By Nancy Caouette
MEXICO CITY
Thousands of protesters marched through the streets of Mexico City on Wednesday to express their indignation at the slow pace of the investigation into missing students from a rural teaching college.
“It is ridiculous that citizens cannot express themselves in the streets,” said Eliott Garcia, a student from the National Autonomous University of Mexico who attended the march. “It is ridiculous that Mexicans have to fear the authorities. This is the moment for citizens to act. If we don’t do anything right now, we will never do.”
Secondary and higher education institutions from all over Mexico initiated a three-day nationwide strike Wednesday in support of classmates and relatives of the 43 male students from the college of Ayotzinapa who dissapeared in Iguala on Sept. 26 after clashing with police.
Mexican authorities on Tuesday arrested and interviewed the former mayor of Iguala, Jose Luis Abarca, in Mexico City. Abarca and his wife, who were on the run just days after the students disappeared, are suspected of being orchestrating the disappearances of the students.
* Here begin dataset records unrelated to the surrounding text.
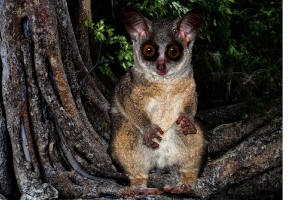 Buschbaby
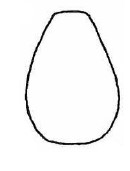 metasoma in dorsal view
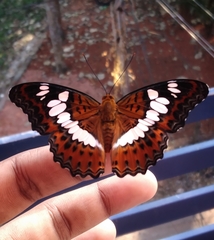 Moduza procris undifragus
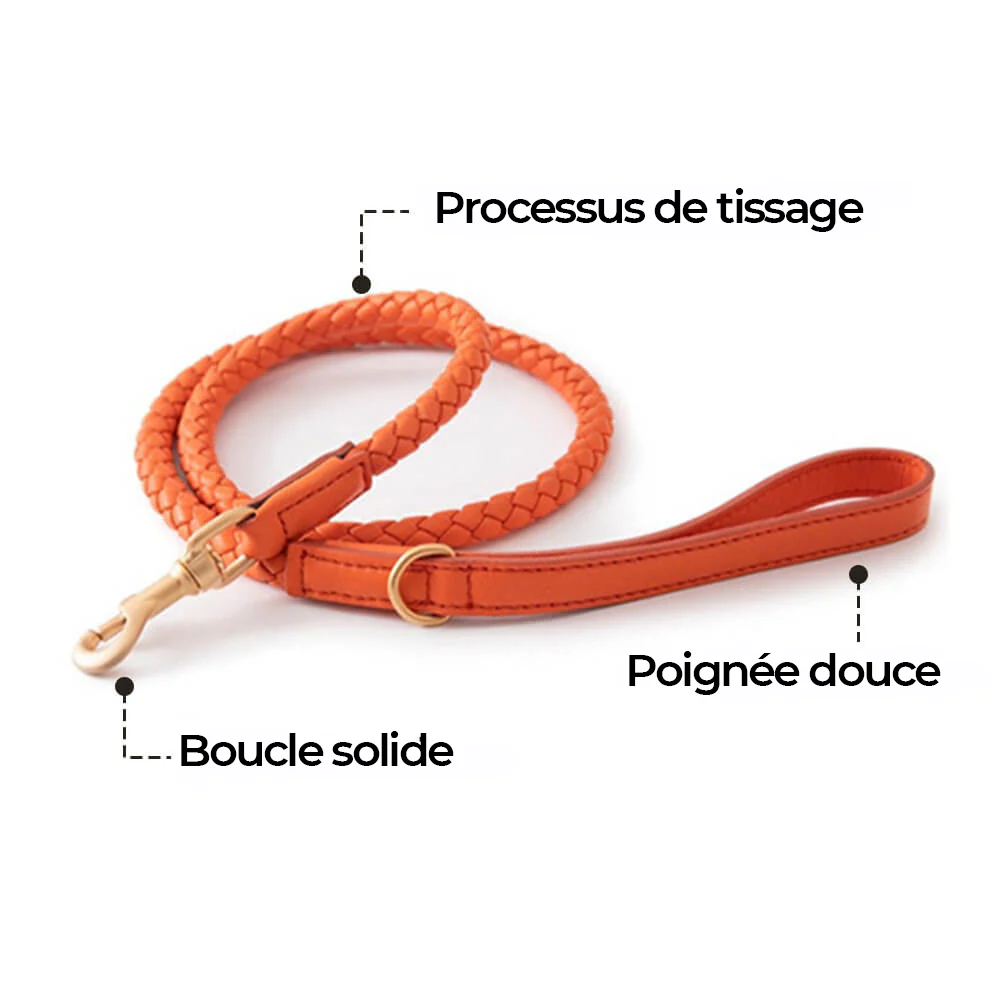 Ensemble Collier et Laisse pour Chiot en Similicuir Tressé à la Main – Image 4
The classmates and parents of the missing students went to Mexico City to meet with Mexico’s attorney general and to attend the march.
“We are satisfied that they caught Jose Luis Abarca, but our question remains the same: ‘Where are our missing classmate?'" asked Omar Garcia, a student from the college of Ayotzinapa who was in Iguala the night of the disappearance.
“This government has no credibility. President Enrique Pena Nieto caught the ex-mayor of Iguala because he is going to initiate a foreign tour on Saturday” added Omar Garcia. “The disappearance is a state crime. We have been fighting for one month because we have the conviction that we can change the intuitions and have our friends back alive. We won’t give up.”